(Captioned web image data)
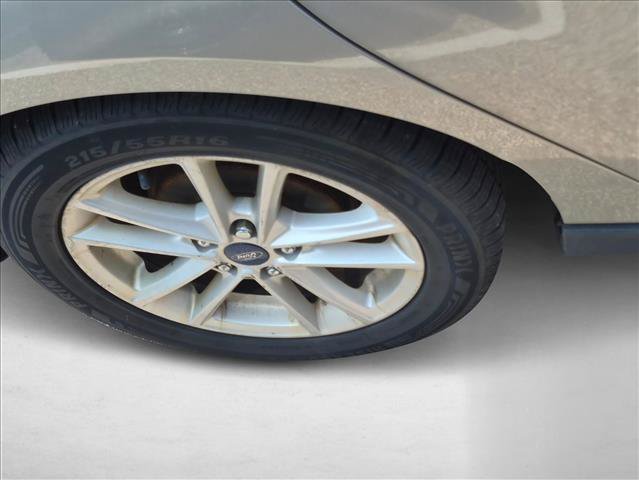 Used 2015 Ford Focus SE FWD image 5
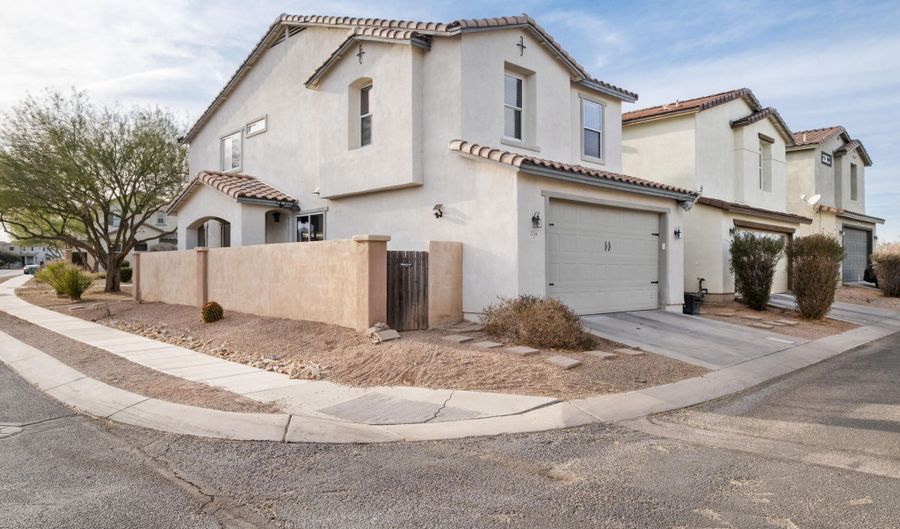 570 W Paseo Celestial, Sahuarita, AZ 85629 - 3 Beds, 3 Bath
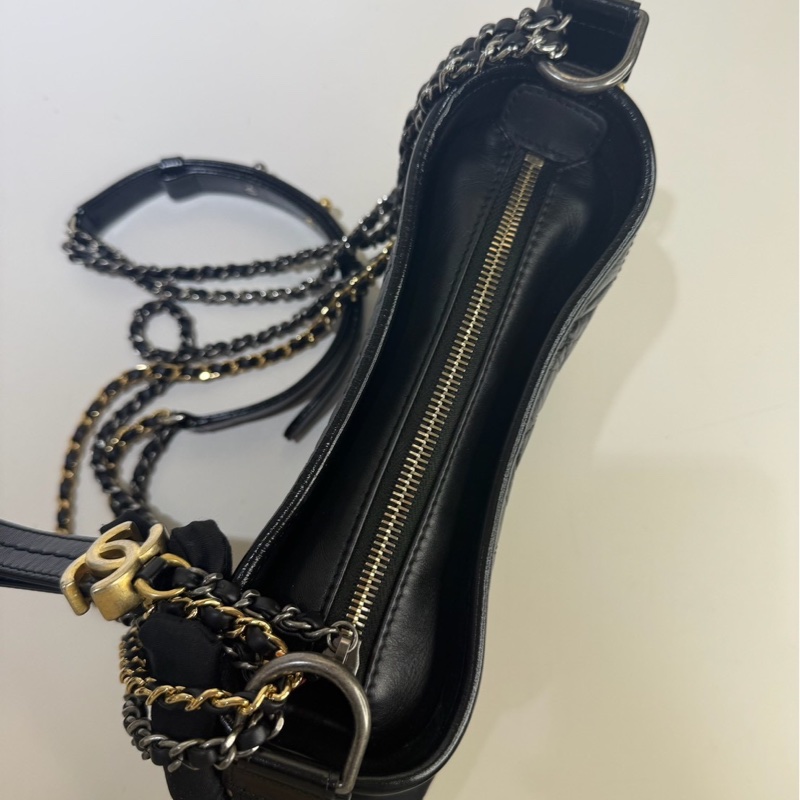 CHANEL|經典流浪包 小號 黑-5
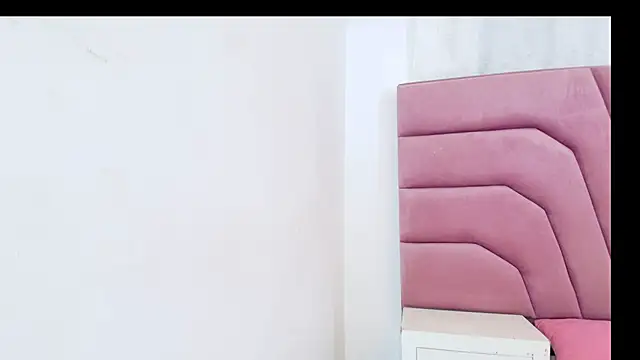 miajhonsonx online show from March 26, 3:32 pm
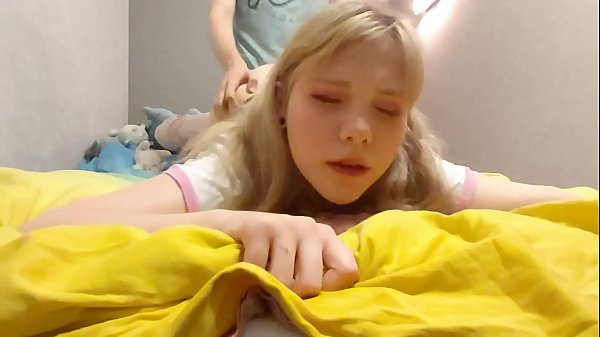 Mommy's distractions - Free MILF Video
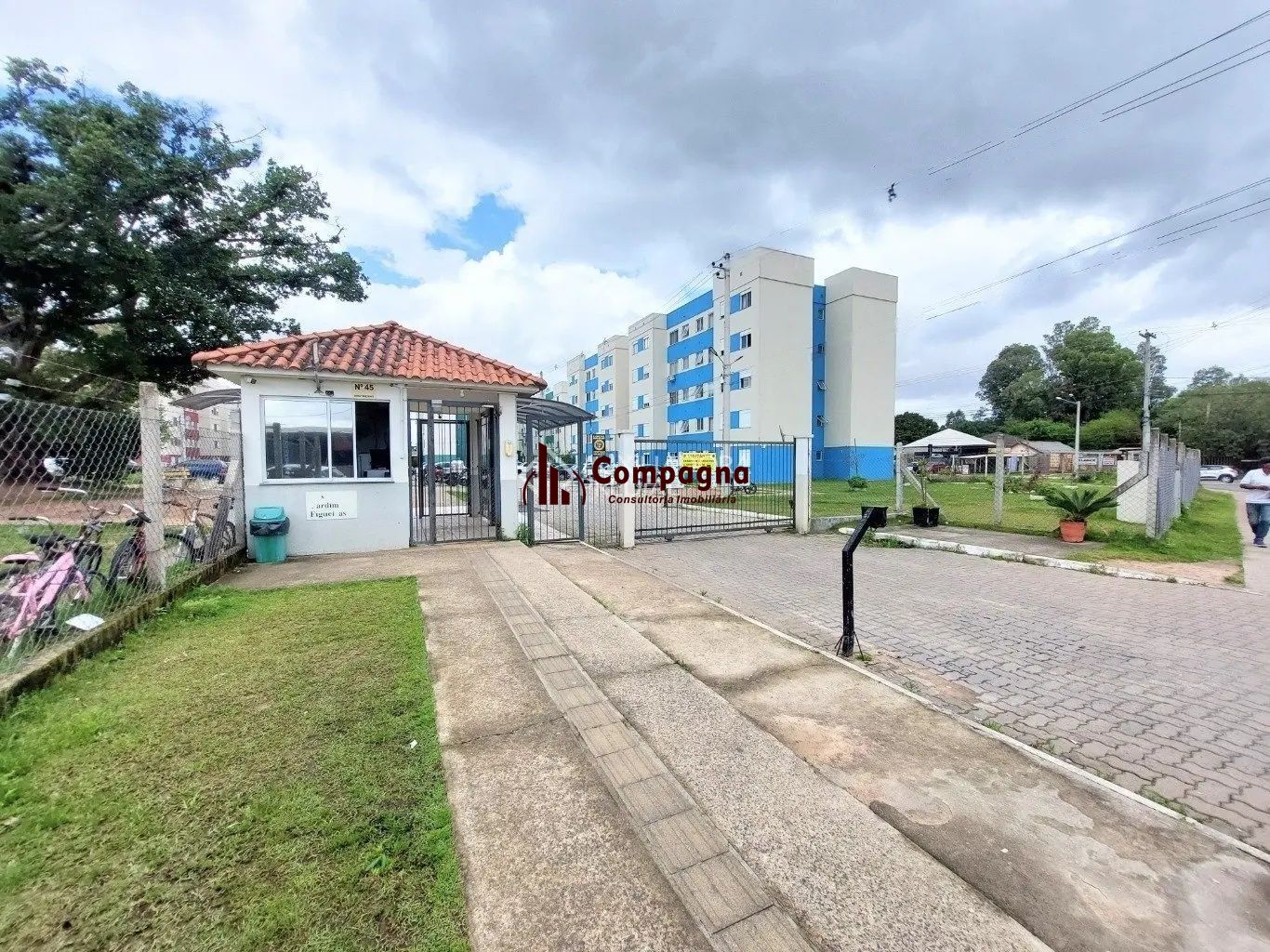 APARTAMENTO 2 DORM COM VAGA FIXA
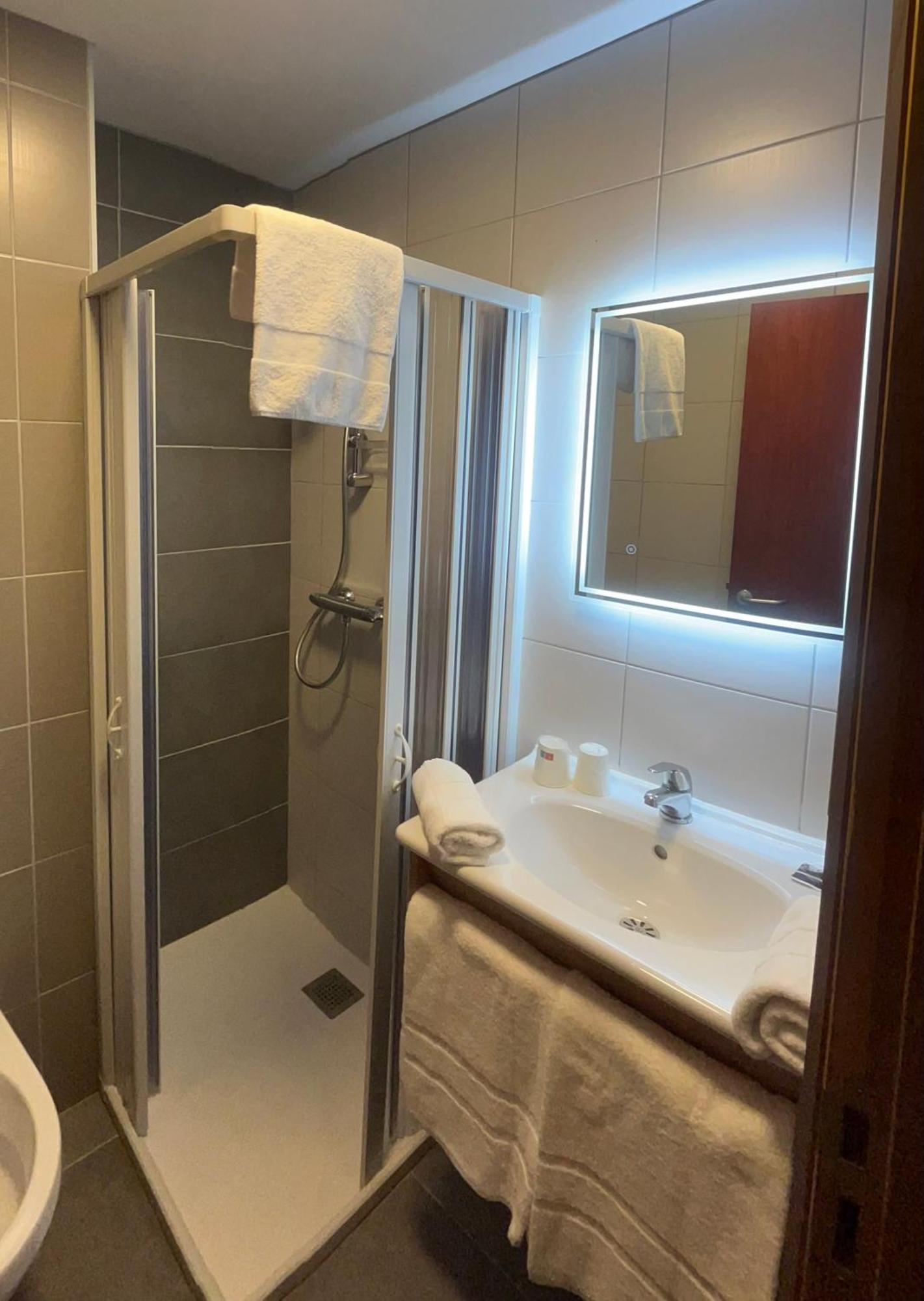 Au Petit Quinquin Hotel Ceaux Ngoại thất bức ảnh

• The problem
Reproduce the data exactly, please, and omit its pictures.

• Solution
 Used 2015 Ford Focus SE FWD image 5
 570 W Paseo Celestial, Sahuarita, AZ 85629 - 3 Beds, 3 Bath
 CHANEL|經典流浪包 小號 黑-5
 miajhonsonx online show from March 26, 3:32 pm
 Mommy's distractions - Free MILF Video
 APARTAMENTO 2 DORM COM VAGA FIXA
 Au Petit Quinquin Hotel Ceaux Ngoại thất bức ảnh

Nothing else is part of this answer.